The limitations of PoissonVI include:

  • It expects fragment-count-like input. Read-count matrices with strong even-count artifacts should be converted to fragment counts before training.

  • It is designed for chromatin accessibility regions, so differential_expression() is not implemented; use differential_accessibility() instead.

  • The nonlinear latent space is useful for integration and clustering, but individual latent dimensions are not directly interpretable.

Preliminaries#

PoissonVI takes as input a cell-by-region matrix \(X\) with \(N\) cells and \(M\) genomic regions. The values should be quantitative fragment counts. For 10x scATAC-seq data, the tutorial demonstrates converting read counts to approximate fragment counts with reads_to_fragments() and storing them in a layer before calling setup_anndata().

The registered AnnData object may include a batch key, labels, size factors, and other categorical or continuous covariates:

>>> POISSONVI.setup_anndata(adata, layer="fragments", batch_key="batch")
>>> model = POISSONVI(adata)
>>> model.train()

The setup method checks that the registered matrix has fragment-count-like behavior.

Model Overview#

PoissonVI reuses the variational autoencoder machinery used by other scvi-tools models, with defaults chosen to mirror peakVI where appropriate. A cell-level latent variable \(z_i\) captures biological variation in chromatin accessibility. The decoder maps this latent representation, along with registered covariates, to region-specific Poisson rates.
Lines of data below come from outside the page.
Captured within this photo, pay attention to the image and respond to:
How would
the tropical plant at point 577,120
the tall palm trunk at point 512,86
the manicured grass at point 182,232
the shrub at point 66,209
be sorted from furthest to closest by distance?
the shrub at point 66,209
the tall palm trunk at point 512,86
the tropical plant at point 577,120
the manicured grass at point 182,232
In the implementation, PoissonVI uses VAE with gene_likelihood="poisson", gene-level dispersion settings that are unused by the Poisson likelihood, layer normalization in both encoder and decoder, and LeakyReLU activation functions.

Inference#

PoissonVI uses amortized variational inference. The encoder approximates the posterior distribution over the latent accessibility representation, and the decoder is optimized to reconstruct the registered fragment-count matrix under a Poisson likelihood.
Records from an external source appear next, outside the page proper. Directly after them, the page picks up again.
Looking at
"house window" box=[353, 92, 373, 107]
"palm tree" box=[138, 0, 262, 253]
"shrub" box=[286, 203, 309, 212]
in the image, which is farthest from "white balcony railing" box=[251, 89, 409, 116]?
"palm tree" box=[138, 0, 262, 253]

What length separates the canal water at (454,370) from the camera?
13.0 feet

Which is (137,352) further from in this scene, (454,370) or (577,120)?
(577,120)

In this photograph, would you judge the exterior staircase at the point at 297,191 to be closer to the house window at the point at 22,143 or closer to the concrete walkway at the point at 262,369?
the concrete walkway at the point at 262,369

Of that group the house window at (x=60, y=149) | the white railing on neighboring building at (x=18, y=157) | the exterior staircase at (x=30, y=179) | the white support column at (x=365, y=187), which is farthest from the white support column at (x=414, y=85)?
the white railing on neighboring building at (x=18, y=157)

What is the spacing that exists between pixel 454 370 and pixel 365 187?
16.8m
The model also learns region-specific decoder factors. By default, get_normalized_accessibility() temporarily removes the region-factor bias when returning normalized accessibility, which emphasizes cell-specific accessibility variation. Passing normalize_regions=True reintroduces the region factors and produces estimates closer to the observed input scale.

Tasks#

Here we provide an overview of common tasks. Please see POISSONVI for the full API reference.

Dimensionality Reduction#

The latent representation can be stored in adata.obsm and used with Scanpy for neighbors, clustering, and visualization:

>>> adata.obsm["X_poissonvi"] = model.get_latent_representation()

Normalized Accessibility#

get_normalized_accessibility() returns normalized accessibility estimates for cells and regions:

>>> accessibility = model.get_normalized_accessibility()
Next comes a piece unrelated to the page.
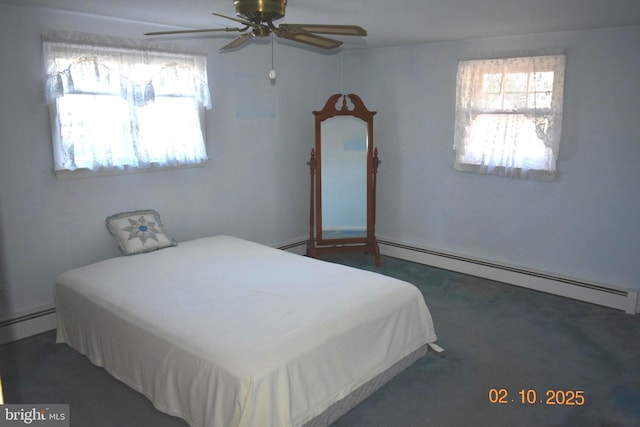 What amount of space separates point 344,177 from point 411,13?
6.59 ft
The method supports posterior sampling, region subsetting, transform_batch, and importance weights. The learned region factors can be retrieved with get_region_factors().

Differential Accessibility#

Differential accessibility is performed with differential_accessibility(). The method supports both "change" and "vanilla" modes, one-sided or two-sided tests, and optional batch correction.